== Available data ==

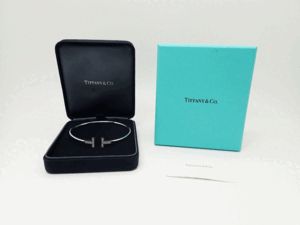 TIFFANY&Co. ティファニー Tワイヤー バングル ダイヤモンド ラージ K18WG ホワイトゴールド 0.24ct 新品同様 送料無料！！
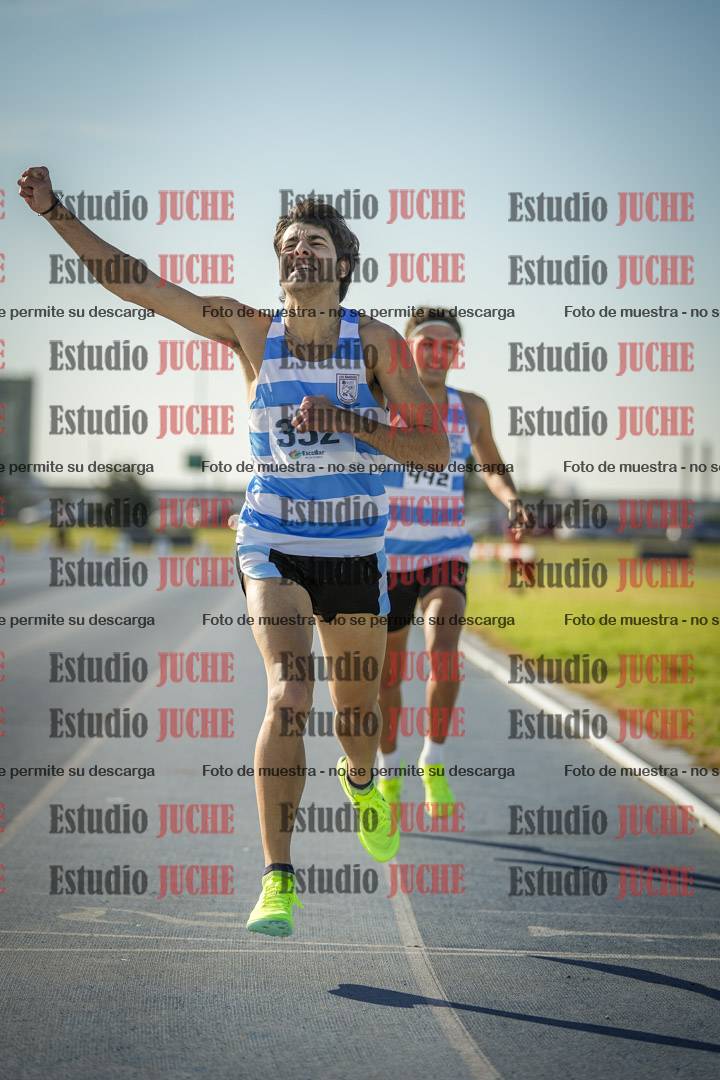 Fotos de los 1500 m llanos de varones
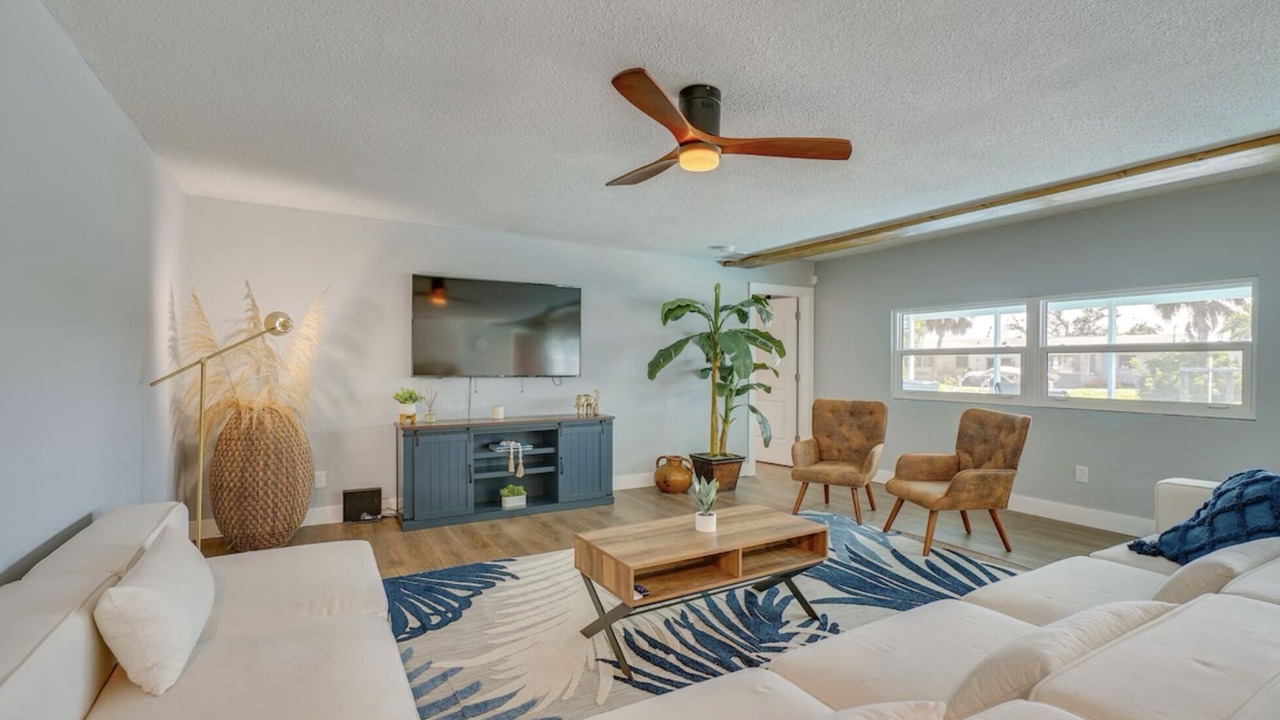 Photo of Livingroom in Lochmoor Waterway Estates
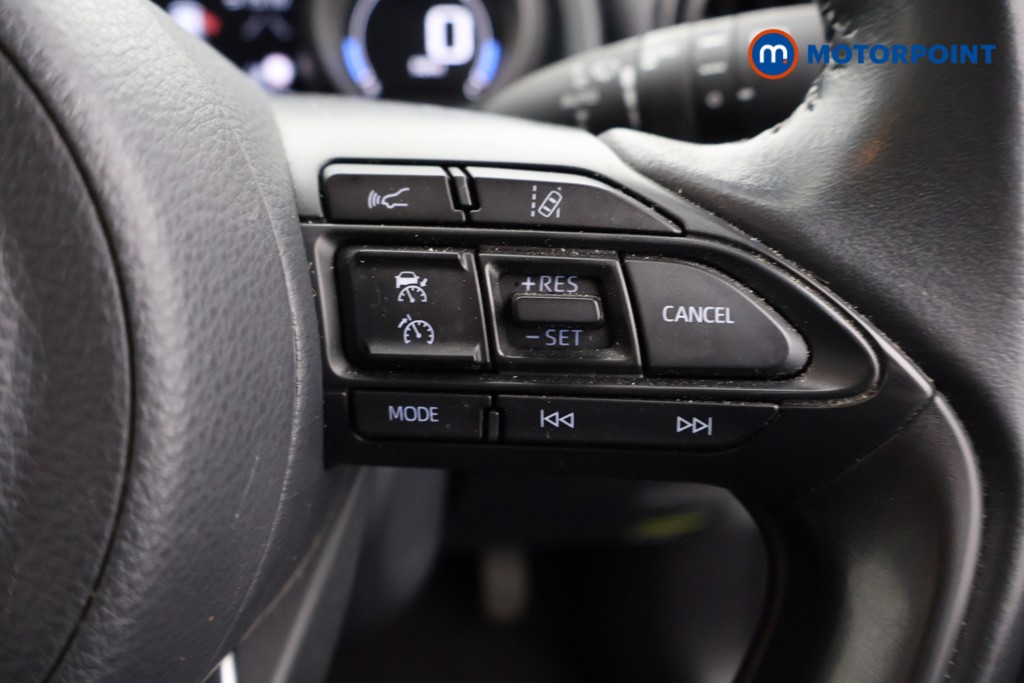 Toyota Yaris Cross Icon Automatic Petrol-Electric Hybrid Estate - Stock Number (1619779) - 4th supplementary image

===

Work order: Exact repetition is required for the lines from the first one in the listing through the one that holds "Photo of Livingroom", and pictures are to be omitted.

Response area:
 TIFFANY&Co. ティファニー Tワイヤー バングル ダイヤモンド ラージ K18WG ホワイトゴールド 0.24ct 新品同様 送料無料！！
 Fotos de los 1500 m llanos de varones
 Photo of Livingroom in Lochmoor Waterway Estates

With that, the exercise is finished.